How to program ATmega with fuses set to 32.768kHz clock

atmegaavrprogrammerusbasp

I've been programming my ATmega328P's using USBasp programmer for a while. For my new project, I wanted to use 32.768kHz oscillator as an external clock, so I programmed the ATmega to appropriate fuses. Unfortunately, from this point on, I cannot communicate with the chip at all – avrdude tells me that target doesn't answer (rc=-1 error). After some research, I found some tips telling me to connect the oscillator (and capacitors) to chip's XTAL inputs, and then program the chip. I tried that, to no avail. Note that I also used avrdude's -B 2000 switch, that slows down the programming as much as possible – to 500Hz, so programming speed shouldn't be an issue.

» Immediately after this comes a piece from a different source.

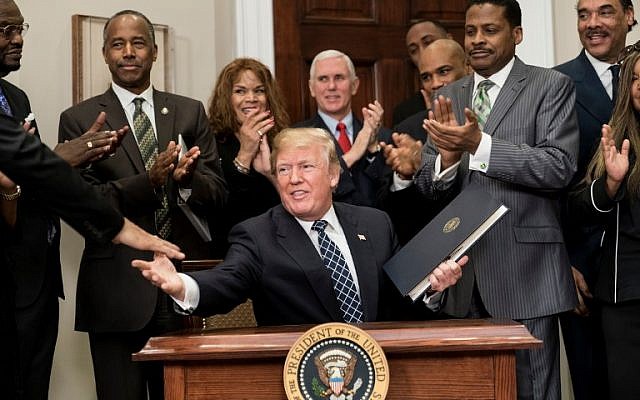 US President Donald Trump shakes hands after signing a proclamation during an event about Martin Luther King Jr. in the Roosevelt Room of the White House January 12, 2018 in Washington, DC. ( AFP PHOTO / Brendan Smialowski) US President Donald Trump shakes hands after signing a proclamation during an event about Martin Luther King Jr. in the Roosevelt Room of the White House January 12, 2018 in Washington, DC. ( AFP PHOTO / Brendan Smialowski)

In a desperate attempt to rescue chip, I tried Arduino as ISP, but the results were pretty much the same.

Questions:

  1. How to rescue this particular ATmega? Is high voltage programmer the only way out of this? I don't have one, so other options are welcome.

  2. For the future: how should I program slow clock fuses so that I avoid this problem? It doesn't make sense for me – if programmer doesn't work with such fuses, why is there such a fuse setting in the first place?

Best Answer

Even when fused to use a crystal, the ATmega328P will accept a clock signal injected into XTAL1 when being programmed by ISP. The USBasp does not provide such a signal so you will need to set up another circuit to generate a clock signal fast enough for programming.

The programmer should work with such a slow clock assuming the programmer uses a slow clock as well. Verify that the crystal operates normally.